I don't know where all those iPads are, but i see PLENTY of
iPHONES on public transit, but at most i see 1 iPad per day on a train and almost never on a bus.) When i say PLENTY of iPHONES i am saying clusters of about 3 to 6 on any end or middle of a MUNI LRV. Whereas last year and in 2009 i observed things, i might have seen only 2 to 4 iPhones on either END of a train, and sometimes the same number on BART. Nowadays, it's either end AND the middle. On buses, I see maybe 4 or 5 max.
However, as for Kindles, I see 2-3 a day on either of those transit vehicles. As for seeing iPads in Borders before they shuttered their downtown SF locations, I would see 2 to 3 at a time starting from release date.
There are a couple of coffee shops i visit, and they are mostly or almost exclusively ithis/ithat although 20% might be generic win-based PCs and virtually NO win-based nor Android-based tablets -- yet.

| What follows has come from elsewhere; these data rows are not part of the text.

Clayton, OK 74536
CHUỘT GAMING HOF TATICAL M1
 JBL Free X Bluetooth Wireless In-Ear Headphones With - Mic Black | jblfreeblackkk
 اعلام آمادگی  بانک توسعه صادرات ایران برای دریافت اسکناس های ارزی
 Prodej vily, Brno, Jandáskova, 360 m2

Interestingly, this individual (I cannot tell if it is a man or woman, honestly) who USED to carry and dotingly use an iPad in the morning for several months and lug a laptop or book tote now only carries a reader.... Kindle, and NO lugged electronics. So, that person appears to have NOT upgraded to the iPad 1.5, er, umm, two.
At any rate, Apple execs and designers must be wetting their pant and spraining their wrists when the look at the iPhone -- and to some extent the iPad -- signal blobs on a real-time wall display. Sure, there are maybe 5x as many non-Apple phones on a transit vehicle, and a very packed train of some 200 people must have some 30 or 40 iPhones in each car, but those non-Apple phones are fragmented across different OSs and styles of phones.
iPads, however, seem to suffer from price and glare and random if not increasing new reports of thefts (at weapons-point) of Apple products in SF. One or 2 people were even home-invaded and relieved of their goods. Kindle might be less tempting a theft target, I suspect.